Passando al nome TURNO, il mitico re di Ardea e dei Rutuli, non dimentichiamo che gli studiosi sostengono che il nome di Turno era reso in greco con il nome di TYRRENOS. Il nome Turno è legato ad altre voci: Mezentius, principe etrusco presso il quale il re rutulo trova ospitalità e Iuturna, sua mitica sorella nell’epica, eponima della nota fonte di Lavinio. Tutti e tre questi nomi risalgono ad origini accadiche., con il significato di Generale (Turno), Difensore (Mezenzio), Acqua (Iuturna), come pure DANAE, la mitica fondatrice di Ardea, visitata da Zeus in forma di pioggia d’oro, il nome indica semplicemente la PIOGGIA.

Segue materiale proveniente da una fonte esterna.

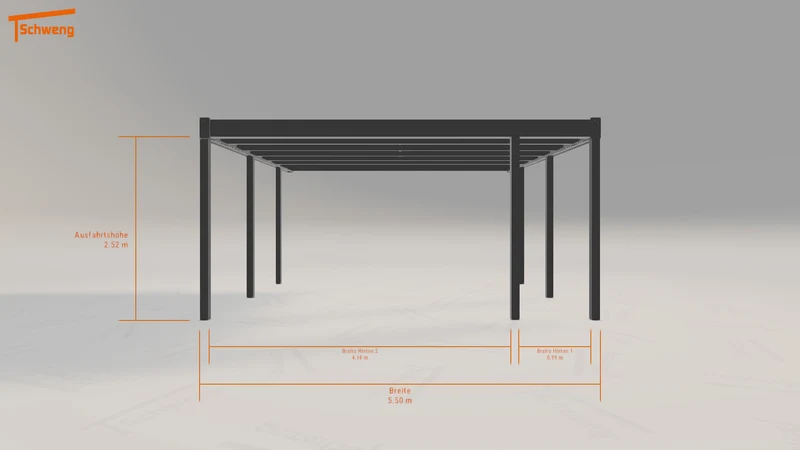 #DE Schweng Flachdachcarport C600+ (ID mjpxgg) #MTG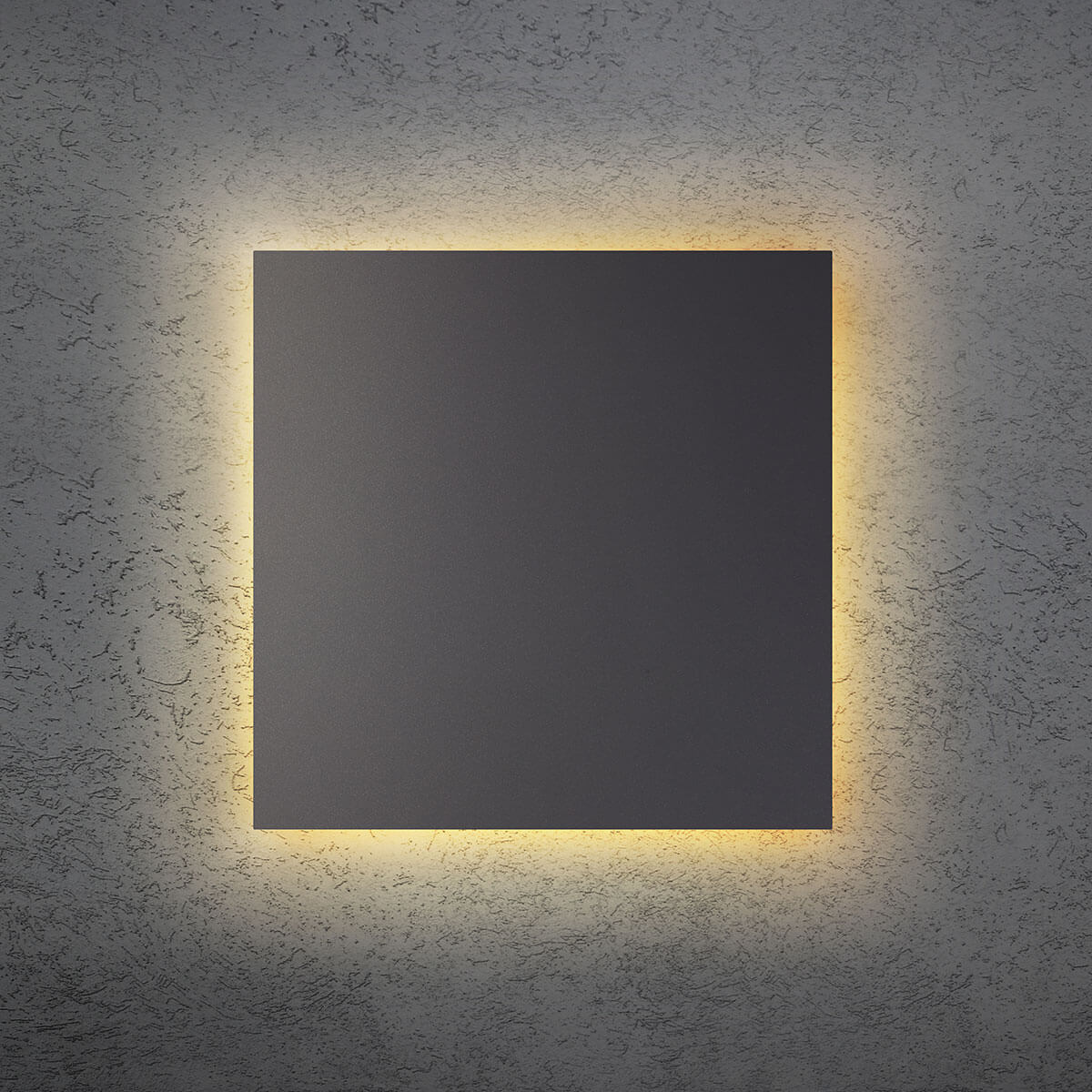 Escale Blade-Q LED Wand- / Deckenleuchte, 44 x 44 cm, mit Casambi-Modul, anthrazit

Infine il nome di ARDEA e del suo simbolo, l’ AIRONE, rappresentato tuttora nello stemma civico della comunità. La migliore interpretazione proposta per la capitale dei Rutuli è quella fornita da Giovanni Semerano, a nostro parere il più grande linguista del Novecento, che dice espressamente “l’attuale borgata, corrispondente all’antica acropoli, nei pressi di Genzano, è circondata da tre lati da un salto naturale di roccia: il toponimo deriva dalla base di lat. arduus, irl ard (alto), gr. orthòs (diritto), accadico ARITTU (perpendicolare) da ARADU (to go down, to hang down).”
Con tutto rispetto noi ci permettiamo, una volta tanto, di dissentire dal grande studioso di Ostuni e colleghiamo l’origine del nome di Ardea al suo simbolo, l’airone, sulla scorta dell’ Eneide di Virgilio ove si parla dell’airone che vola in alto sopra le nuvole e di una leggenda tramandata da Igino secondo la quale Danae e Pilumno, i fondatori di Ardea, presero gli auspici dal volo di questi uccelli palustri.
Ma soprattutto alla luce del XIV libro delle Metamorfosi di Ovidio, ove si narra dell’arrivo dei Troiani nel Lazio, della guerra contro Ardea e della sua distruzione:
“Alla fine Venere vede suo figlio trionfare, e Turno cade. Cade anche Ardea, stimata invincibile finché Turno era vivo. Ma dopo che il fuoco dei Troiani la rase al suolo coprendo di cenere calde le case, un uccello mai visto si levò in volo dalle macerie sferzando col battito delle sue ali la cenere. Grido, magrezza e pallore tutto s’addice a una città distrutta e della città rimane il nome: Ardea piange la propria sorte con quel suo battito d’ali”.
E simbolicamente la gloriosa anima dell’antica città era portata via da quell’uccello, l’airone cinerino, il cui nome scientifico “Ardea cinerea” ancora lo lega alla capitale dei Rutuli.